As the sky got increasingly dark, we headed west to Canyon of the Ancients. It is a large new (2000) National Monument containing the densest concentration of ancient ruins in the country. Supposedly there are 100 archaeological sites per square mile in some areas. Only a few have been developed, but there are piles of rocks that used to be villages all over. We stopped at three ruins: Lowry, which was a large 40 room ruin with 8 kivas and a grand kiva. Two of the kivas had designs painted on the walls when they were originally uncovered. Except for a small section which is at the museum, those couldn’t be preserved. We moved on to Painted Hand Pueblo, a tower with a couple of petroglyphs and two faint white painted hands on a rock. Just beyond Painted Hand, we hiked to Cutthroat Ruin, which is actually part of Hovenweep National Monument. It has several round towers. We saw a few people at each site, but not Mesa Verde’s hordes.
We beat the storm which threatened all afternoon. This area is high plateau, around 5800’, with piñon, juniper and sage.

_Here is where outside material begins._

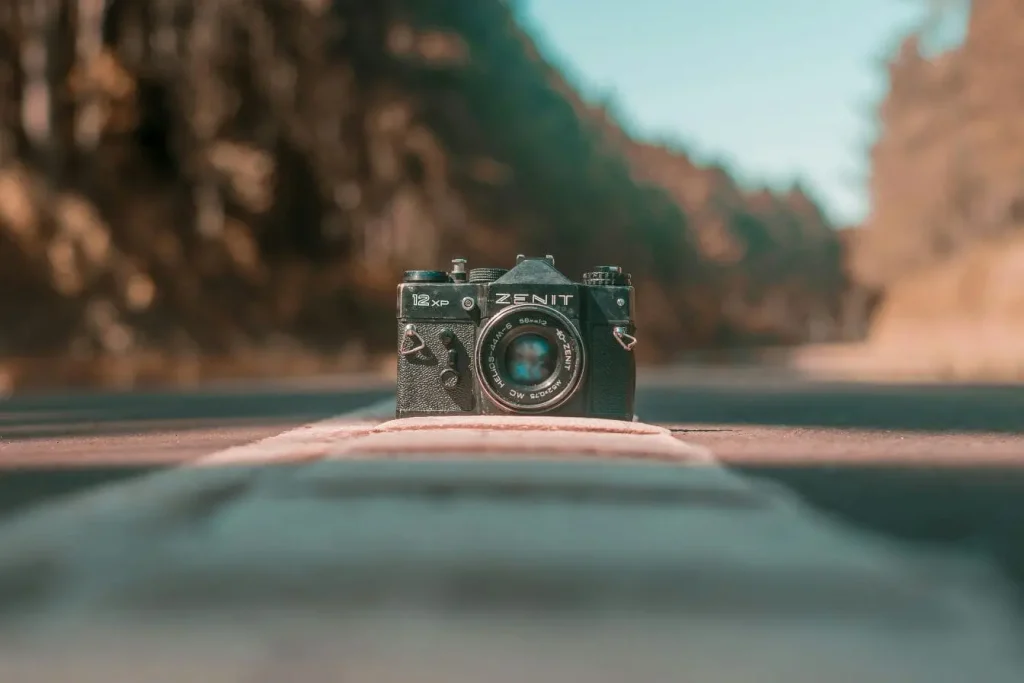 Gros plan sur boîtier argentique centré sur chaussée, scène évoquant la réflexion pour choisir son appareil photo de voyage.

Yesterday was good for wildlife – deer and turkeys. Today we saw hawks and lizards, but mostly cows and horses as we drove through the farm country between Dolores and the Monuments. The two National Monuments are adjacent, with Canyon of the Ancients mostly in Colorado and Hovenweep mostly in Utah. Canyon of the Ancients is much larger, but less developed. There is a nice campground at Hovenweep, with views over the plateau, shaded tables and a very peaceful setting.

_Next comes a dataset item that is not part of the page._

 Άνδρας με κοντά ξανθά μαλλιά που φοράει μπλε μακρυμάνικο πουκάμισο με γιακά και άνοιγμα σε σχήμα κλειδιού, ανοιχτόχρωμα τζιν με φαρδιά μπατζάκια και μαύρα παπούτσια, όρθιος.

Monday, April 30 – 8 miles at Hovenweep
We had a good day wandering through Hovenweep. It has a large complex of ruins near the Visitors Center, Square Tower Ruins, and five outlying ruin complexes. We saw them all. First we did a two mile loop hike around the main complex. On both sides of a dry creek there are towers and fallen buildings. The towers were once three stories high and were square, round, oval and D-shaped. They perched precariously on rocks or on the rim of the canyon, or in one case, inside a hole in a big boulder. At Holly site, a rock tilted, taking down part of the tower that was constructed on top of it. The archaeologists have no idea why the towers were built here, but they look like medieval castles. Sometimes the rocks they were built on were quite small, so the towers were small, but others were quite large. There were also small storage rooms built in holes in the cliff. A lot of the buildings have collapsed and weren’t excavated, so they can only guess what was there. The bigger ruins housed up to 300 people; others had 100 or less.
After visiting the main loop, we drove to the outlying ruins that are part of Hovenweep: Cajon in the sage country to the south, then Holly, Hackberry and Horseshoe. We saw the 6th ruin yesterday. There was a one mile trail to Hackberry and Horseshoe. Each of the tower complexes was built near a spring, now seemingly dry. At Holly there was a petroglyph with two spirals that is supposed to be a solstice marker. A shaft of sunlight spears the center of the spiral on the solstice. We could see the spiral, but the photo probably won’t turn out since the petroglyph was in a shadowed overhang. When we finished our tour, it was still quite early, so I set out on a short hike. Jim wasn’t in the mood, so I went alone.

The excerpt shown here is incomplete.